I love to make things straight out of my garden. It's not only the sense of accomplishment at getting my hands dirty and growing actual food, but it also tastes damn good. So while I had some pork chops from the grocery store (raising pigs for slaughter in inner city Akron is probably not something I'm ready to take on), everything else made for this meal was from my garden or someone else's, starting with the marinade for the pork chops.
Thinking pesto sounded good, I made a quick marinade from about (and I'm sorry I'm always saying "about" but I'm not a measurer and I try really hard to approximate how much of each ingredient I'm using so that you can try it yourself) 1/4 cup of basil leaves and 1/4 cup of flat leaf parsley leaves.
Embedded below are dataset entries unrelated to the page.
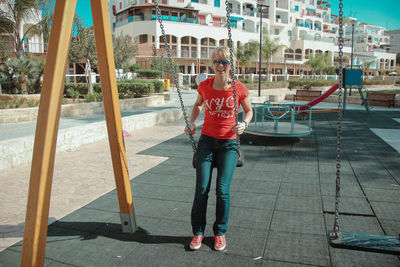 Full length of young woman sitting on the swing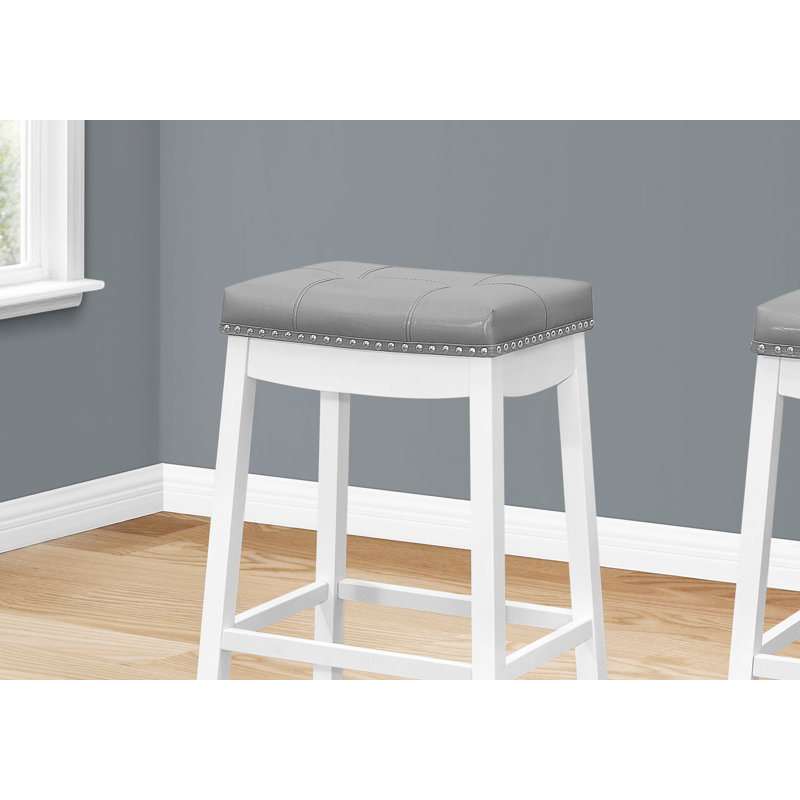 Ensemble de deux chaises de bar sans dossier en similicuir gris et blanc avec repose-pieds
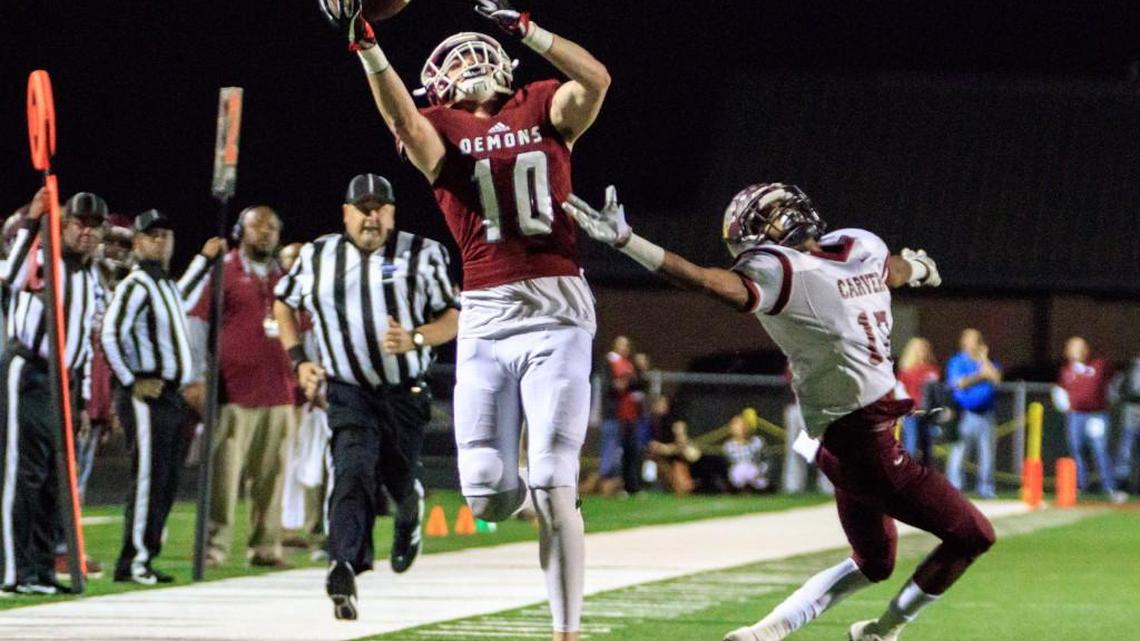 Warner Robins' Tyler Fromm (10) catches a pass on the sideline in the Demon’s semifinal game against Carver-Atlanta.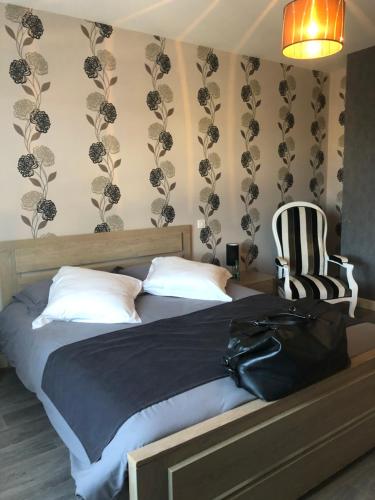 a bedroom with a bed with a black blanket and a chair at Maison d'hôtes La Colombelle in Colombé-le-Sec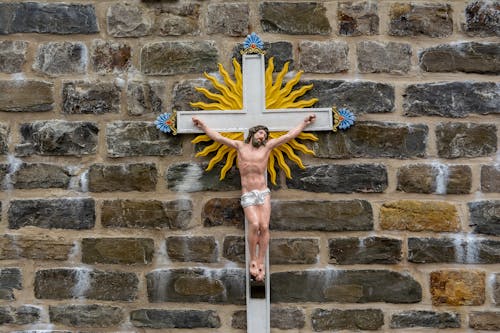 A Crucifix Hanging on Brick Wall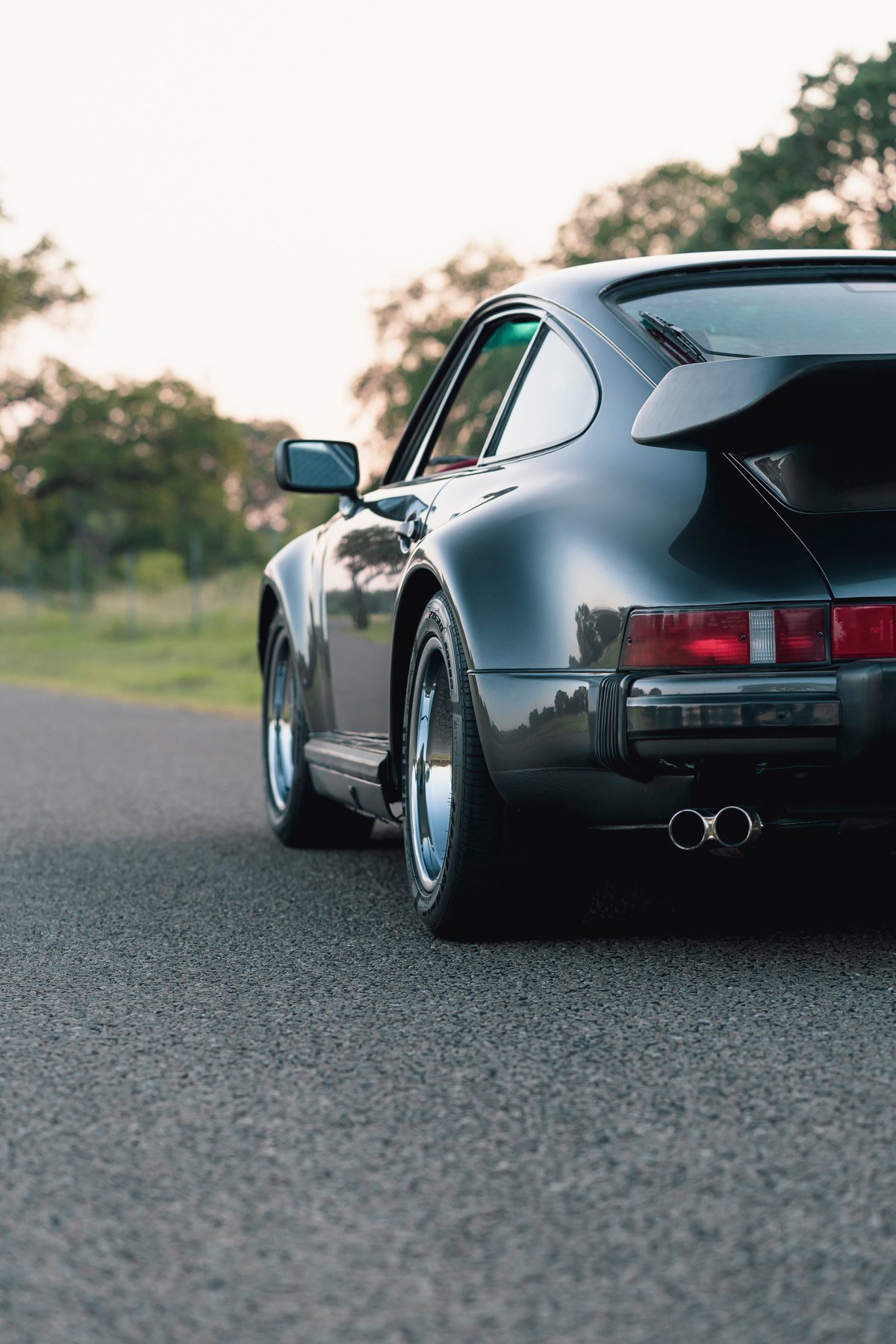 1989 Porsche 930 Turbo Flachbau in black, with chrome rims and twin exhaust.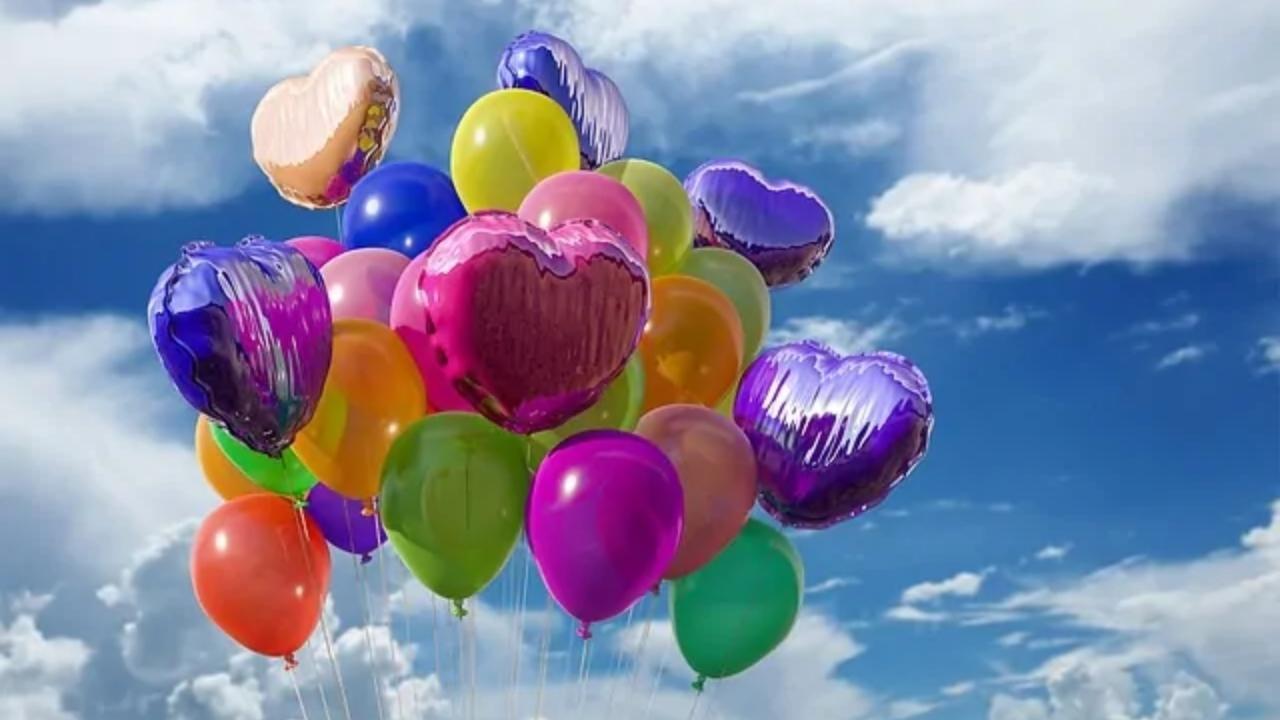 A bunch of colorful balloons are flying in the sky.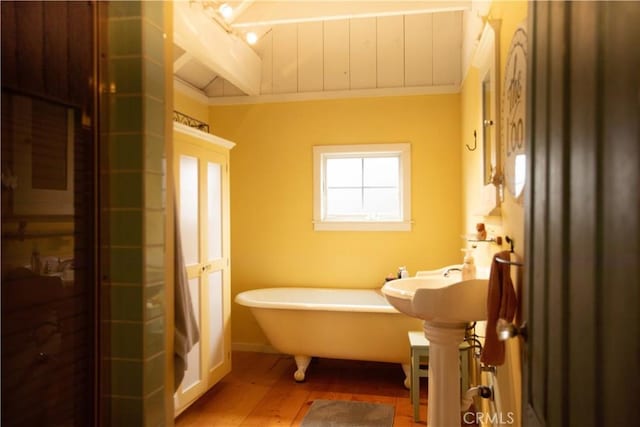 bathroom featuring a freestanding bath and wood finished floors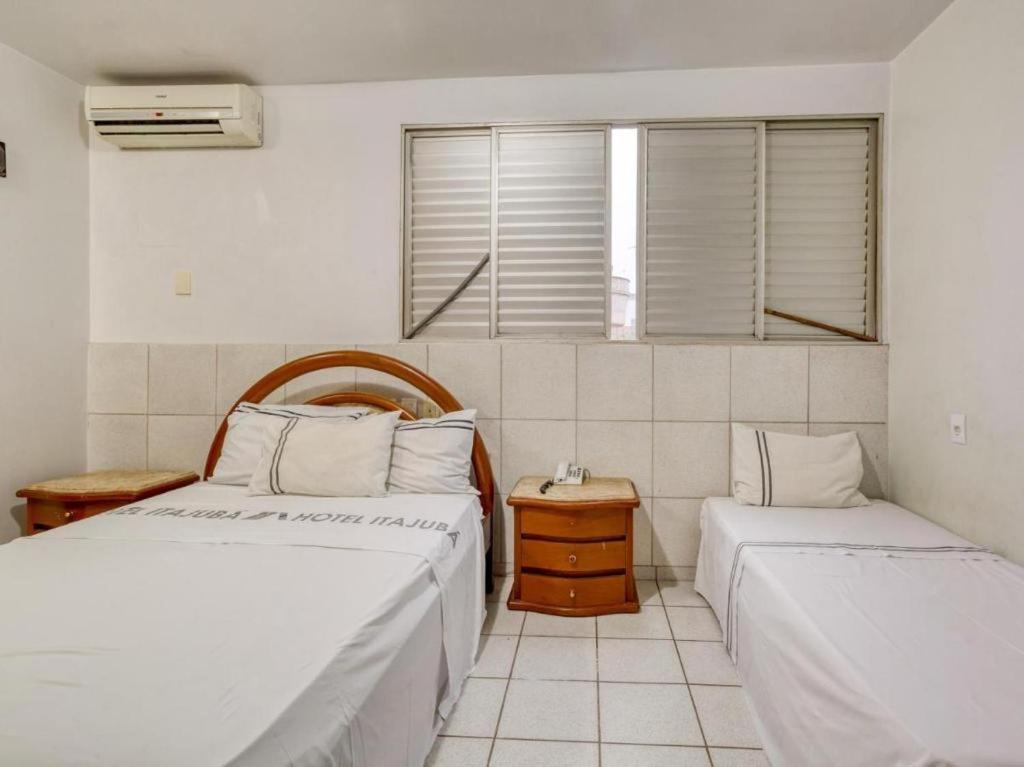 a bedroom with two beds and a window at Itajubá Classic Hotel Goiânia in Goiânia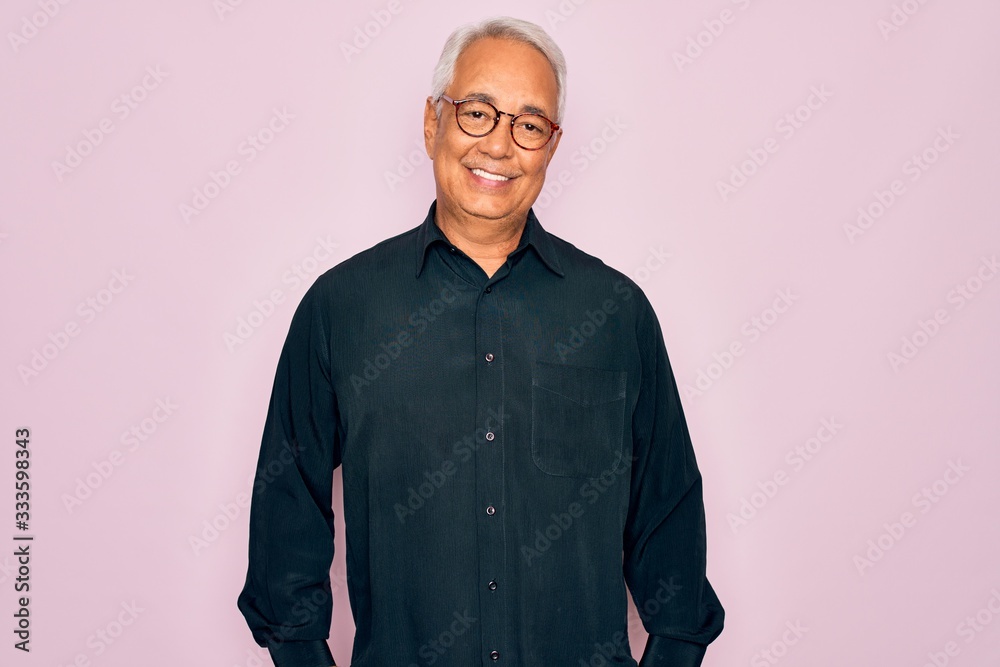 Fototapeta premium Middle age senior grey-haired handsome man wearing glasses and elegant shirt with a happy and cool smile on face. Lucky person.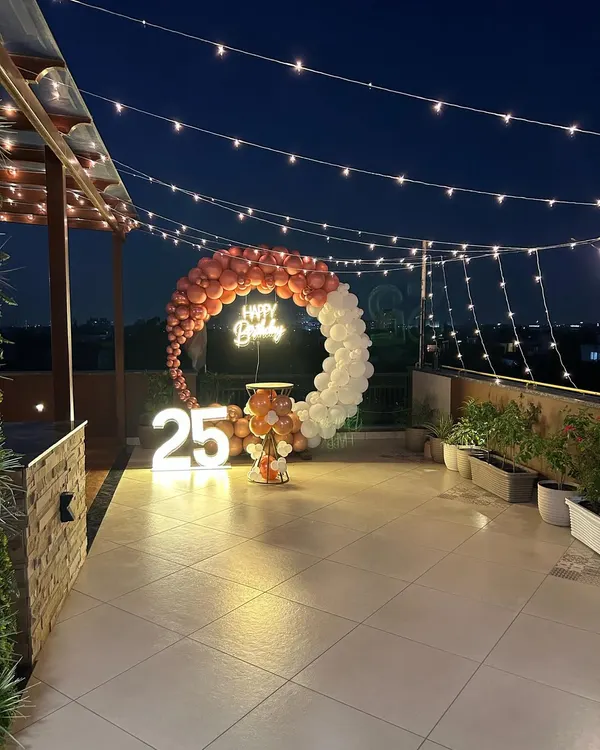 A stunning rooftop terrace party for a 25th birthday, featuring a rose gold and white balloon ring under string lights against the night sky.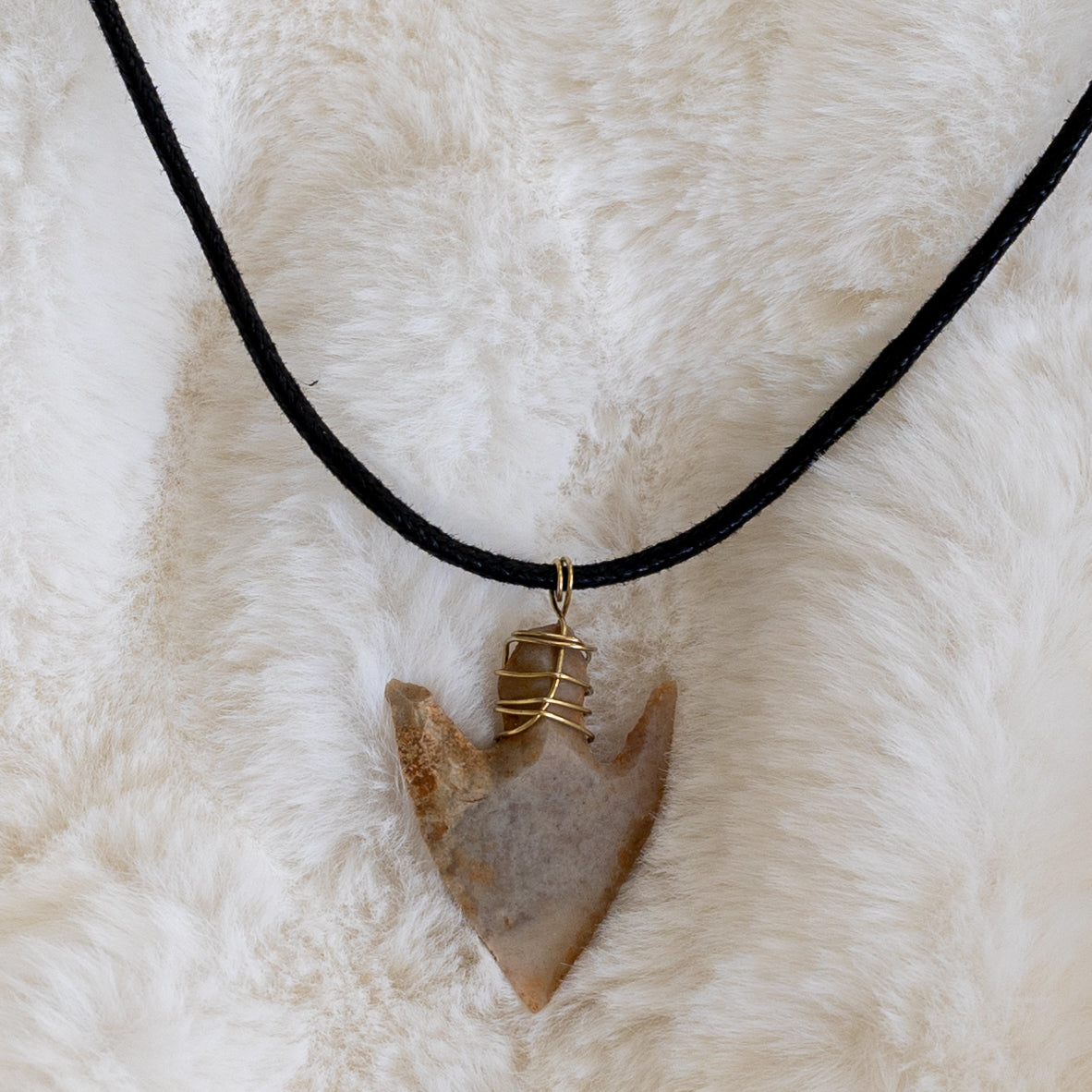 Lähikuva piikivisestä nuolenkärjestä kullanvärisellä metallilangalla ripustettuna mustaan tekonahkanyöriin.- Close-up of the flint arrowhead, attached with a gold-colored wire to a black vegan leather cord.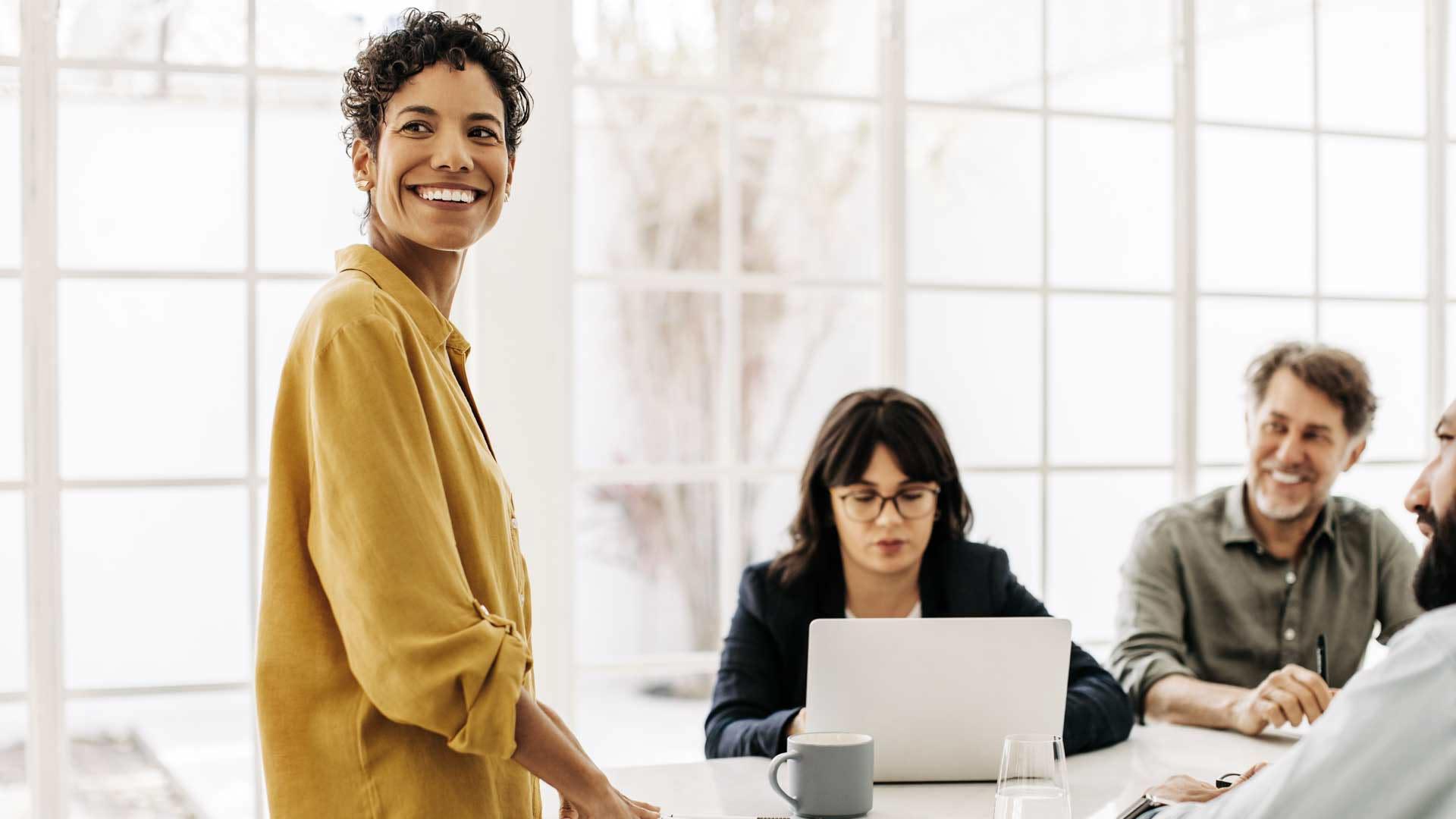 Människor sitter runt ett konferensbord. En kvinna står upp. Alla ler utom en kvinna sin skriver koncentrerat på sin dator.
Added to that is 2 cloves of my very own garlic all in a food processor. OK, fine.. the extra virgin olive oil isn't homemade, nor did I mine the salt or harvest the black pepper. Sue me and then add them to your food processor (1/3 cup oil, salt and pepper to taste). Give it a whirl until it's pesto-like (not completely smoothed into a green liquid but with some substance left). Then slather it all over your pork chops (or chicken breasts or whatever else you have because I'm here to tell ya, this would kick ass on anything!)
Set the chops in the fridge until you're ready to grill. In the meantime, let's work on the side dishes. First up, burgundy beans from my garden. They aren't really burgundy. They're actually more of a deep purple. We like them raw, but we like them steamed too. I do this by putting about 3/4 of an inch of water in pan, bringing it to a boil and then dropping the beans in.
As they cook, they turn green. I think I captured this phenomenon rather beautifully here:
Don't cook your beans too soon, you still have to grill your chops. There's also a salad to make. That consists of my gorgeous heirloom tomatoes (Mortgage Lifters today), cucumbers from a friends garden and basil from mine. I use either basil or mint (or both) in my tomato salads, but since I made the pesto pork chops I decided to stay with that flavor and just use basil. A drizzle of extra virgin olive oil, a splash of balsamic vinegar, salt and pepper and that's all you need. Some crusty bread for dipping is a plus.
And that my friends, is an almost all garden meal and it rocked!!!